The world's most expensive apartment sold in this Hong Kong building for 57 million US dollars last year. Will we see some wealthy mainlanders splashing out for more multi-million-dollar apartments in 2010?

It’s perhaps no big surprise that mainland Chinese property buyers have snapped up real estate in neighboring Hong Kong, since closer economic ties have blurred the border (financially) since 1997. Now, thousands of businesspeople regularly make the Shenzhen/Zhuhai-Hong Kong commute, and well-heeled mainland shoppers — nicknamed hao ke — often pop over the border for luxury shopping sprees.

Reflecting the growing clout of wealthy mainland Chinese in Hong Kong, figures released this week by Centaline Property Agency indicated that mainland property buyers comprised 18.1% of luxury apartment buyers in 2009, compared to only 11.2% in 2008. According to Wong Leung-shing, an associate director of research at Centaline, this is the fastest rate of growth among mainland buyers of HK luxury apartments (costing at least HK$10 million (US$1.29 million)) in six years.

From the South China Morning Post:

“From 2004 to 2008, mainland buyers grew only one to two per cent a year, but the growth was steady,” Wong said. “The substantial increase in 2009 was due to the sharp fall in luxury property prices.”

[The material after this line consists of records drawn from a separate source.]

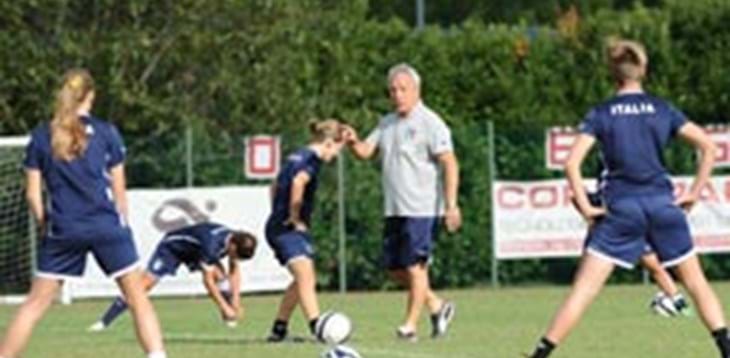 Ventidue Azzurrine in preparazione a Roma da lunedì 10 a mercoledì 12 novembre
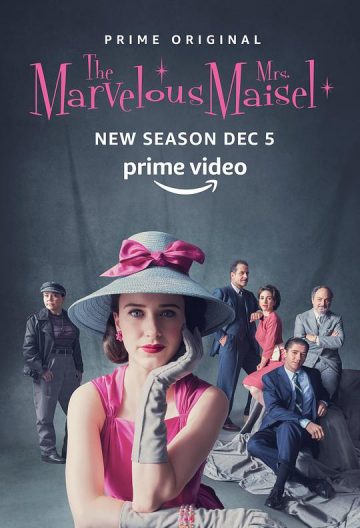 了不起的麦瑟尔夫人 第二季 The Marvelous Mrs. Maisel Season 2 【全集】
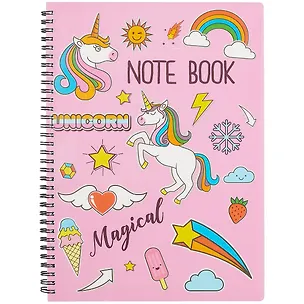 Тетрадь в линейку Trees Yiwu, Style, А4, 80 листов, в ассортименте 251673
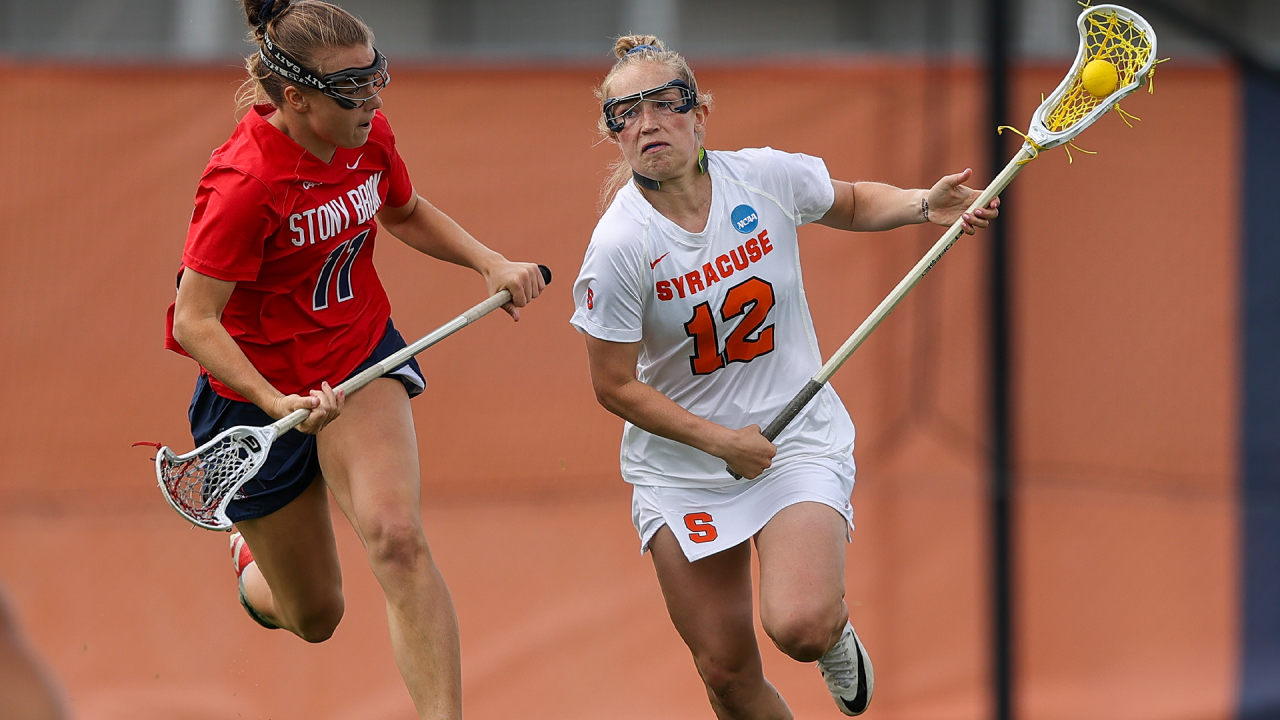 Syracuse's Katie Goodale.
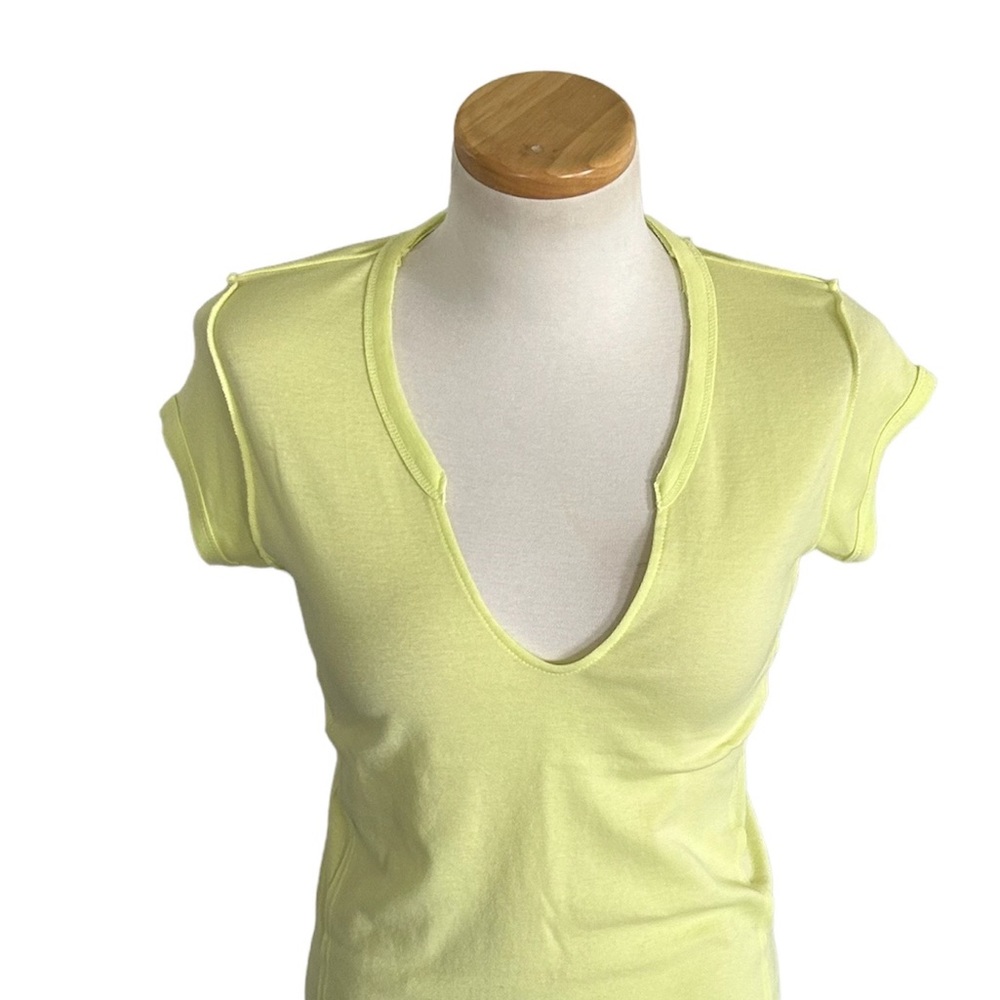 Free People Short Sleeve Tee Size Small - Picture 3 of 5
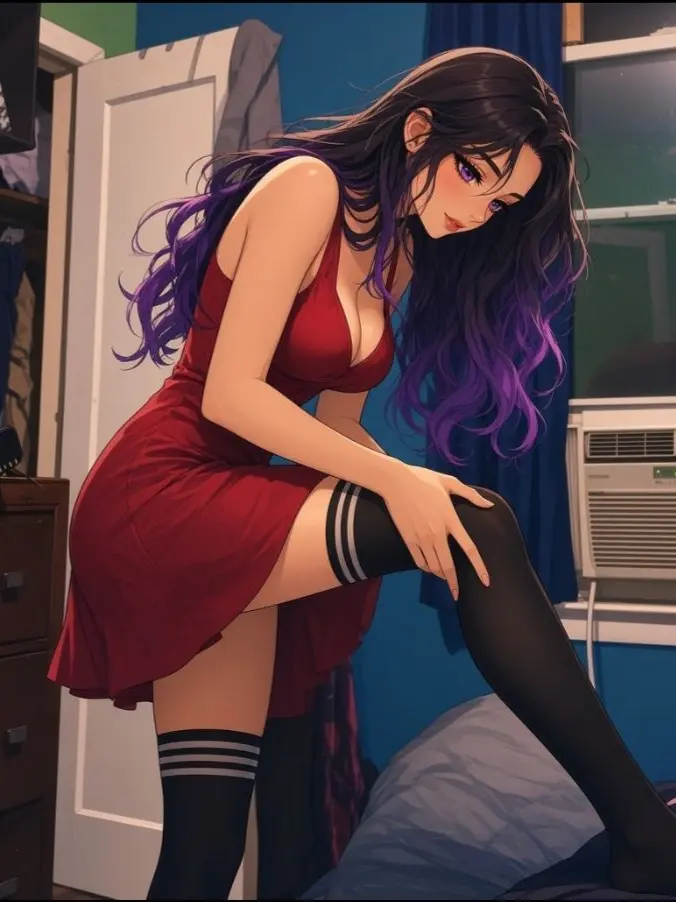 SnowingAFox의 Your roommate emmy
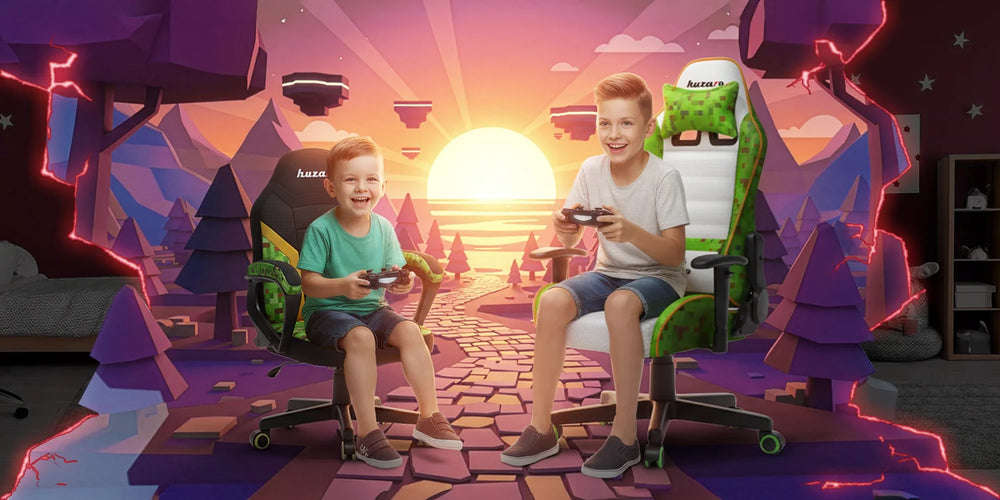 Fotel gamingowy dla chłopca w stylu superbohatera - stwórz pokój marzeń!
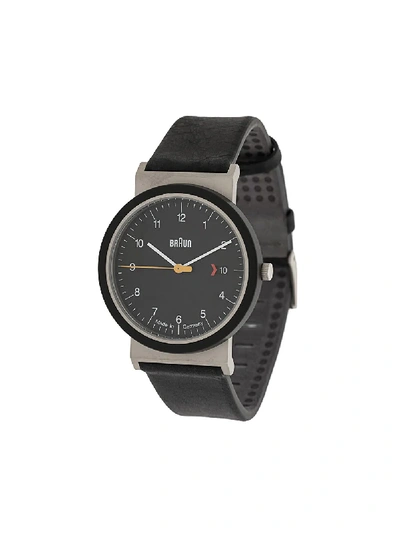 Braun Watches Aw10 Evo 39毫米腕表 In Black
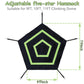 JYGOPLA 6.2-Foot Dome Climber Accessories, Waterproof Fit for 10FT Jungle Gym,Holds 350 lbs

Prices of luxury properties in Hong Kong plunged 40 to 50 per cent after the global financial crisis began in September 2008. “This attracted rich people from the mainland, as they caught the best time to buy. Prices of luxury properties have since surged 50 per cent to 70 per cent from the bottom and have generated attractive profit,” Wong said.

In the overall property market, including mass residential properties, only 5.6 per cent of the buyers came from the mainland last year, compared with 4.3 per cent in 2008.

Alva To Yu-hung, the head of consulting, North Asia, at DTZ, said the loose monetary policy on the mainland was another factor contributing to the influx of mainland buyers last year. However, he expects the number of mainland buyers to drop this year as the central government tightens its monetary policies.

The mainland appetite for luxury real estate in Hong Kong was evidenced by the sales at The Cullinan at Kowloon Station last year. The upmarket project attracted the highest proportion of mainland buyers among new projects in the city.

Property agents said about 10 per cent of buyers at the project held Chinese passports, while a further 20 per cent held Hong Kong identity cards with Putonghua (Mandarin – JD) phonetic transcriptions.